What assigned reading in school proved to be the least enjoyable and most painful to get through?
philstar22: (Default)

Re: High School Memories

[personal profile] philstar22 2025-01-15 02:27 am (UTC)(link)
War and Peace. For AP English we had to read 2 things the summer before: War and Peace and Wuthering Heights. I only enjoyed one of those.

And honestly, AP English was the first class where we read whole books. So it was really fun.

My favorite non-full book thing is a tie with Julias Caesar and Macbeth. The year we read those was what started my Shakespeare love.

I hated Wuthering Heights. I had to remind myself that I was doing this to get into AP English. And it still took me far longer than it should have because I could only stomach a little at a time.

Re: High School Memories

(Anonymous) 2025-01-18 01:24 pm (UTC)(link)
"And honestly, AP English was the first class where we read whole books."

Really? You didn't even read full books in middle school classes? This is a surprise to me (and I went to school in Florida). I actually got in Joan Lowery Nixon books due to middle school assignments that required reading full books.
philstar22: (Default)

Re: High School Memories

[personal profile] philstar22 2025-01-18 01:27 pm (UTC)(link)
I went to an overseas missionary school. And it really sucked.
kaijinscendre: (Default)

Re: High School Memories

[personal profile] kaijinscendre 2025-01-15 02:39 am (UTC)(link)
Honestly, I loved most of the assigned reading. The Scarlet Letter, The Good Earth, To Kill A Mockingbird, Animal Farm. The thing I mostly hated was Shakespeare. I still hate Shakespeare, lol.

Re: High School Memories

(Anonymous) 2025-01-15 02:44 am (UTC)(link)
Favorite: Rosencrantz and Guildenstern are Dead. If that doesn't count because it's a play, then To Kill a Mockingbird.

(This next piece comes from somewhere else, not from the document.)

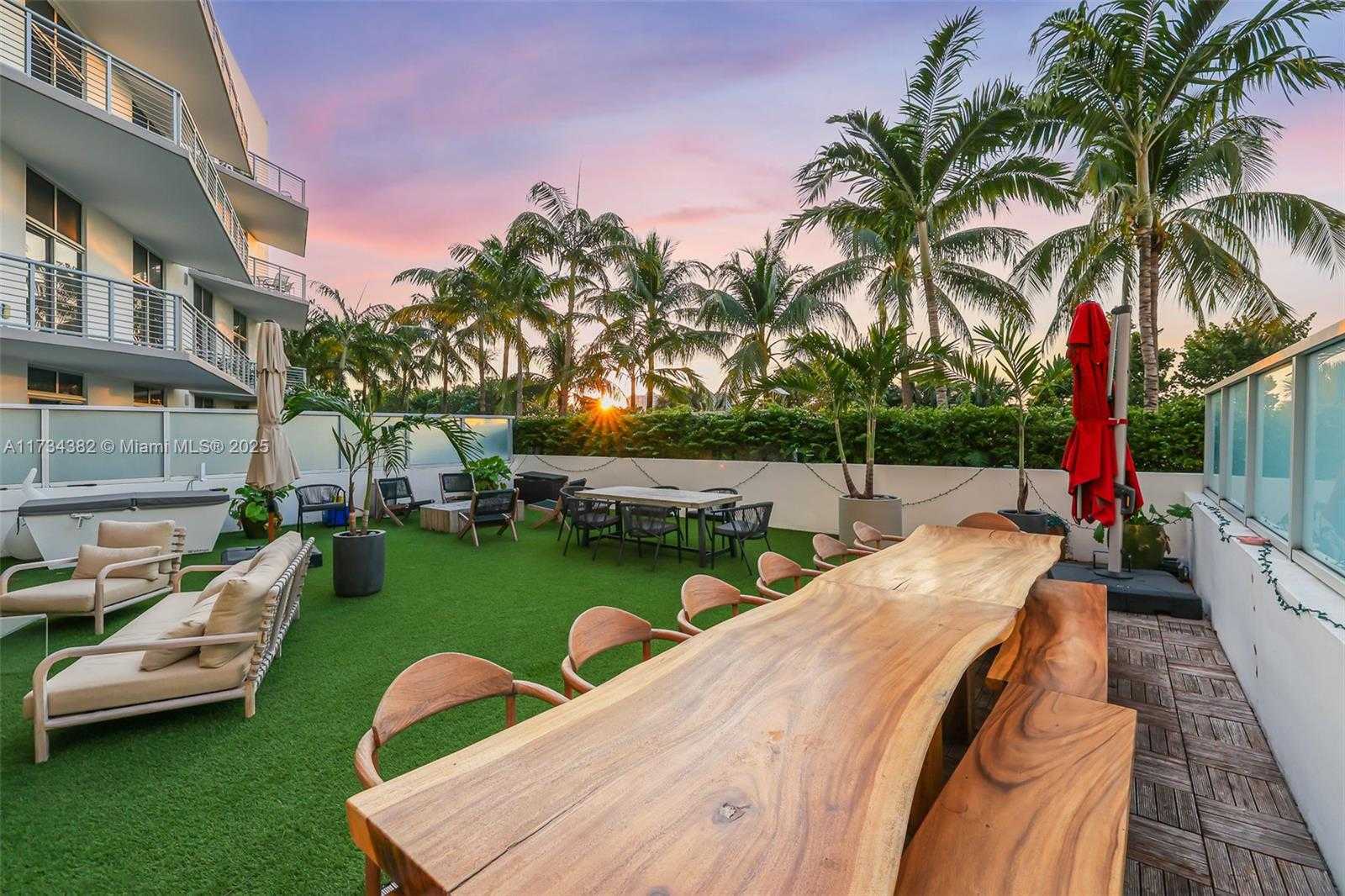 Small Image of 2001 MERIDIAN AVE #307, Miami Beach Number 17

Most painful: The Grapes of Wrath.

Re: High School Memories

(Anonymous) 2025-01-15 03:11 am (UTC)(link)
Favorite: Their Eyes Were Watching God

Least Favorite: The House on Mango Street

Re: High School Memories

(Anonymous) 2025-01-15 10:42 am (UTC)(link)
My heart! I loved The House on Mango Street. It sent me down a path of writing vignettes.

Re: High School Memories

(Anonymous) 2025-01-15 03:16 am (UTC)(link)
There was a great outcry by parents targeting the English department for being "too feminist" and wanting more books "for boys" at my school, so they added some braindead YA stuff with male main characters. I don't know if it was the teachers being pissed off at having to do it, or the parents really wanted simple books for boys to understand (many boys were deeply insulted by this!) but they were uniformly bland and terrible.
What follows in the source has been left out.